Monday, September 16, 2013

"My Friends & I" Compilation Album and Ebook is LIVE!

My first publication, a collaboration between myself and twelve other authors and thirteen musicians is now LIVE!


The ebook is available on AMAZON & SMASHWORDS. It is FREE on Smashwords right now and will be free on Amazon soon. Go check it out! :)

Wednesday, September 11, 2013

My Tribute

This is something I wrote a few years ago about 9/11 and wanted to share it today. The story was based on these two pictures.

Title: The Past, Present, and Future

She held the black and white photo in her hands, doing her best to keep her fingerprints off of it. It was one of her favorite memories of her time with Andrew. That’s all she had left, were memories and photos ... and their son.

In the photo, they weren’t even married yet. She and Andy took a vacation during their summer break between their junior and senior years of college. They were driving along the coast with some friends and had stopped at this small sandy beach that was surrounded by rocks. It was so much fun. They spent the whole day there, with Andy’s friend Raj taking pictures of everything.

Cecilia could kiss Raj now, if he were still alive. Without his pictures, she wouldn’t have this momento of her and Andy's life ... of their past.

Anthony came running through the front door, his ten year old body a bundle of energy. Without stopping his momentum, he dropped his bookbag on the floor near the living room and came charging towards Cecilia.

“Mooooooom! I’m home!” He plowed into his mother’s waiting arms, who had just moments before put the picture down on the table.

“Hey sweetie,” Cecilia said, brushing a lock of hair from her son’s forehead. He looked so much like his father. “Did you have a good day at school?”

Anthony nodded and sat down on a chair next to hers at the table. “It was okay. The teachers were talking a lot about the memorial today.”

“Yeah, well, it’s important,” Cecila said softly.

“I know. Dad’s going to be on it, right?”

“Yes, he will.

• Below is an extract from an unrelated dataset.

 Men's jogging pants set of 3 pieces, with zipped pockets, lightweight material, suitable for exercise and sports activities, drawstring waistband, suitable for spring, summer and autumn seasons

He and Uncle Raj are going to be listed on it together, on the same section.”

Anthony picked up the picture that Cecilia had set down. He had seen the picture many times over the years and studied the man in the picture who he never met.

“I wish I could have met him, Uncle Raj I mean ... and of course, Dad too.”

“Me too, sweetheart, me too,” Cecilia replied sadly, rubbing her son’s back.

Years after the picture was taken, Andrew and Cecilia found themselves on the east coast, living in a small bungalow in Brooklyn, far from the California coast but by a different shore near the channel. Andrew had gotten his dream job with an investment company and had just been transferred to the main office in New York City. Cecilia found a job at a nearby school and was happily teaching young minds.

By some luck, Andrew’s old college friend Raj worked at the same investment firm. The two men hadn’t seen one another for several years and they enjoyed catching up on each other’s lives. Raj and his new bride, Smita, became a frequent visitor to their home, sharing stories over dinner.

They were settling into what they deemed their perfect life. Their house was modest but fit their needs. While Andrew had his dream job, the investment industry was still volitile so they didn’t take on more than what they could easily afford. They dreamed of filling two of the three bedrooms of their home with children, and possibly a shaggy dog or two.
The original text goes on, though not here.